[Start of section]

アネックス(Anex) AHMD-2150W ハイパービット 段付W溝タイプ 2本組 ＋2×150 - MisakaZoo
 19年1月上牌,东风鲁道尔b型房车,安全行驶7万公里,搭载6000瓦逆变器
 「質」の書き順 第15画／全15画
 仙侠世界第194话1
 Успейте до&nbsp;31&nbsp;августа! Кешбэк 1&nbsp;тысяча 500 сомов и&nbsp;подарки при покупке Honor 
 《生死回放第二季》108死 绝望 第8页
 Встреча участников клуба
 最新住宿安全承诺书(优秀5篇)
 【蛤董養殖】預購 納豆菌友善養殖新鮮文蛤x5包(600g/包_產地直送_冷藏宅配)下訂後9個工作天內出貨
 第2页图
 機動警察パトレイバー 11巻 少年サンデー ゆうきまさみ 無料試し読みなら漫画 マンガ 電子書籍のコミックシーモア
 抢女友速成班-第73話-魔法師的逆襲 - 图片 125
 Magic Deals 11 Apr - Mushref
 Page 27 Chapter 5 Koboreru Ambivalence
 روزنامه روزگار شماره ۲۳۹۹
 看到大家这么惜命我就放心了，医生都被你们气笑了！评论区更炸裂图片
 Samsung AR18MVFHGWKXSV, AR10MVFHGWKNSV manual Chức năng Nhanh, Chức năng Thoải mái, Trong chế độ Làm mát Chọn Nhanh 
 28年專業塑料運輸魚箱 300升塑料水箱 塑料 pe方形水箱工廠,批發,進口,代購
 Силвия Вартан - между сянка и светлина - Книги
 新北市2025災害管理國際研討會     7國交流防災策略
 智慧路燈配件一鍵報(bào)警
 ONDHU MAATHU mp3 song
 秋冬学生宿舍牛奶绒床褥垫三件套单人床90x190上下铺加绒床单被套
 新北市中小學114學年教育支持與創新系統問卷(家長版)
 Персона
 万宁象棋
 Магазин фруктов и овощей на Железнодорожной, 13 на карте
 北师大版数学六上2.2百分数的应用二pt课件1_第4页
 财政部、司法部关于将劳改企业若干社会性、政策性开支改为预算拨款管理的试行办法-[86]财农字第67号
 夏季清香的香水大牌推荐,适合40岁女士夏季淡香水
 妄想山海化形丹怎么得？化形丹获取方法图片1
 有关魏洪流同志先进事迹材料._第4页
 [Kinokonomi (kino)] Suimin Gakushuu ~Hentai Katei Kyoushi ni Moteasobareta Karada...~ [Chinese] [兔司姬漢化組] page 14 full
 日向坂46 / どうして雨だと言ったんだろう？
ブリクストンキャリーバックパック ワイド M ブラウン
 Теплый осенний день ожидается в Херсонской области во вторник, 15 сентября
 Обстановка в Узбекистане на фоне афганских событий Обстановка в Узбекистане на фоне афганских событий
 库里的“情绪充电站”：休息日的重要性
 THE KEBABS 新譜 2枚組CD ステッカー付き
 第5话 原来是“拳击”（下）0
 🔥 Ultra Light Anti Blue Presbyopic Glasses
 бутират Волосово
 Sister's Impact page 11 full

[End of section]

▶ **AIM OF THE EXERCISE**:
Look above for the line containing "抢女友速成班-第73話-魔法師的逆襲 - 图片 125", then please write out that line and each one after it through the end, exactly, with nothing else.

▶ **TASK ANSWER**:
 抢女友速成班-第73話-魔法師的逆襲 - 图片 125
 Magic Deals 11 Apr - Mushref
 Page 27 Chapter 5 Koboreru Ambivalence
 روزنامه روزگار شماره ۲۳۹۹
 看到大家这么惜命我就放心了，医生都被你们气笑了！评论区更炸裂图片
 Samsung AR18MVFHGWKXSV, AR10MVFHGWKNSV manual Chức năng Nhanh, Chức năng Thoải mái, Trong chế độ Làm mát Chọn Nhanh 
 28年專業塑料運輸魚箱 300升塑料水箱 塑料 pe方形水箱工廠,批發,進口,代購
 Силвия Вартан - между сянка и светлина - Книги
 新北市2025災害管理國際研討會     7國交流防災策略
 智慧路燈配件一鍵報(bào)警
 ONDHU MAATHU mp3 song
 秋冬学生宿舍牛奶绒床褥垫三件套单人床90x190上下铺加绒床单被套
 新北市中小學114學年教育支持與創新系統問卷(家長版)
 Персона
 万宁象棋
 Магазин фруктов и овощей на Железнодорожной, 13 на карте
 北师大版数学六上2.2百分数的应用二pt课件1_第4页
 财政部、司法部关于将劳改企业若干社会性、政策性开支改为预算拨款管理的试行办法-[86]财农字第67号
 夏季清香的香水大牌推荐,适合40岁女士夏季淡香水
 妄想山海化形丹怎么得？化形丹获取方法图片1
 有关魏洪流同志先进事迹材料._第4页
 [Kinokonomi (kino)] Suimin Gakushuu ~Hentai Katei Kyoushi ni Moteasobareta Karada...~ [Chinese] [兔司姬漢化組] page 14 full
 日向坂46 / どうして雨だと言ったんだろう？
ブリクストンキャリーバックパック ワイド M ブラウン
 Теплый осенний день ожидается в Херсонской области во вторник, 15 сентября
 Обстановка в Узбекистане на фоне афганских событий Обстановка в Узбекистане на фоне афганских событий
 库里的“情绪充电站”：休息日的重要性
 THE KEBABS 新譜 2枚組CD ステッカー付き
 第5话 原来是“拳击”（下）0
 🔥 Ultra Light Anti Blue Presbyopic Glasses
 бутират Волосово
 Sister's Impact page 11 full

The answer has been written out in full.